Bien que les autorités japonaises aient d'abord tenté de minimiser les dégâts, cette catastrophe nucléaire s'est avéré en réalité aussi importante que celle de Tchernobyl. J'étais alors à l'époque trop jeune pour m'en rappeler mais là, cette fois-ci, je ne peux pas me voiler la face en disant que je n'ai rien vu.

C'est pour cela que j'ai eu envie de lire cet ouvrage, pour essayer de mieux comprendre et d'être en empathie avec les gens qui y ont survécu.

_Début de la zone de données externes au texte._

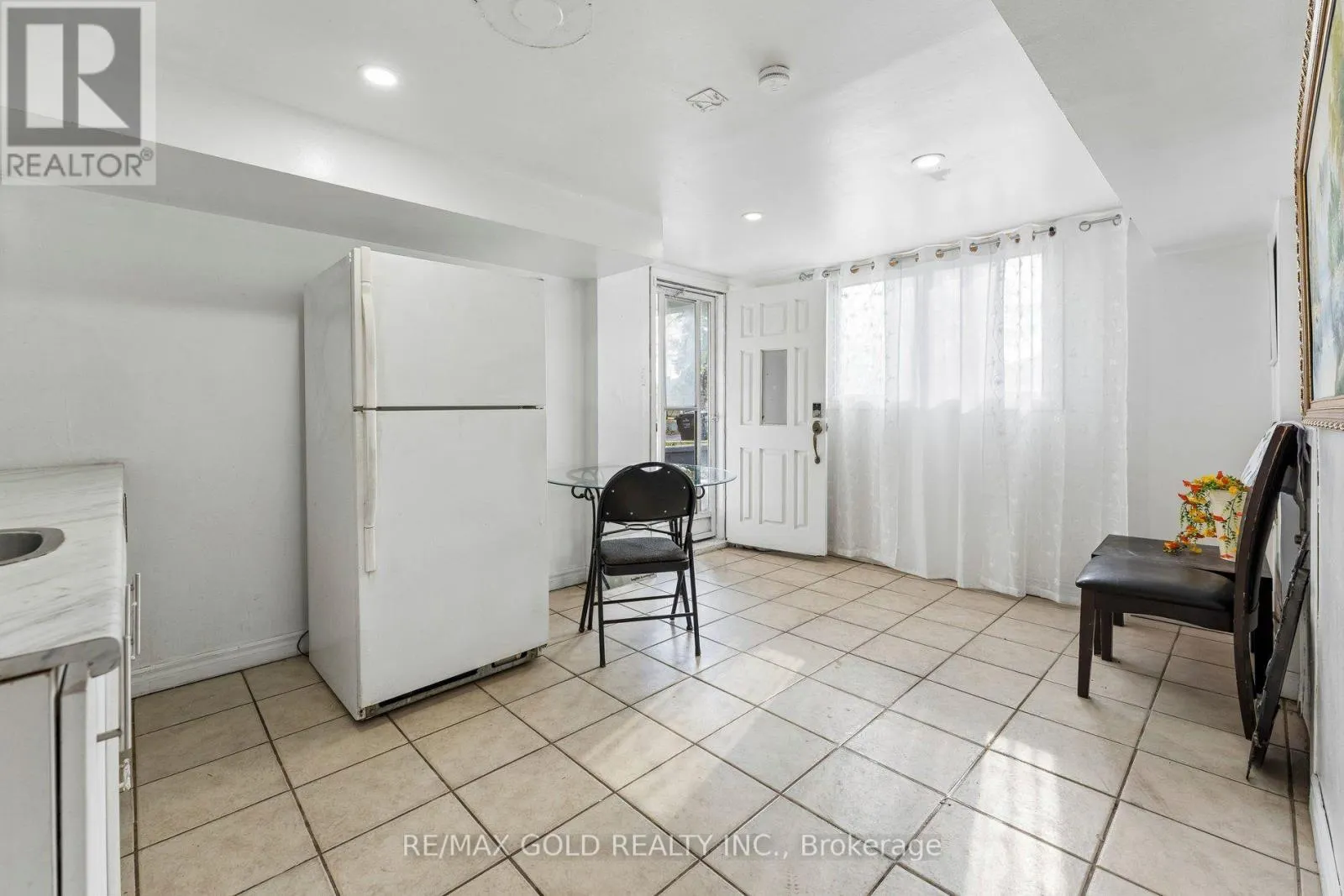 7337 CAMBRETT DRIVE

L'auteur s'est en effet rendu sur place, accompagné d'une interprète et a sillonné plusieurs villes telles que Tokyo, Kesennima, Oshima, Koriyama, Miyako Oji et enfin Kawauchi (cette dernière se trouvait d'ailleurs en zone interdite) afin de recueillir des témoignages d'habitants qui ont, pour la plupart, tout perdu, mais qui ont au moins conservé la chose la plus importante qui existe sur cette terre, c'est-à-dire, la Vie.



Au cours de ses pérégrinations, l'auteur-reporter ne se sépare jamais de son dosimètre afin de comparer le taux de radioactivité des différentes villes dans lesquels il s'est rendu et c'est là où j'ai eu un peu plus de mal à suivre lorsqu'il parle de rems et de millirems.

Un ouvrage néanmoins passionnant mais qui ne laisse certainement pas indemne. A découvrir !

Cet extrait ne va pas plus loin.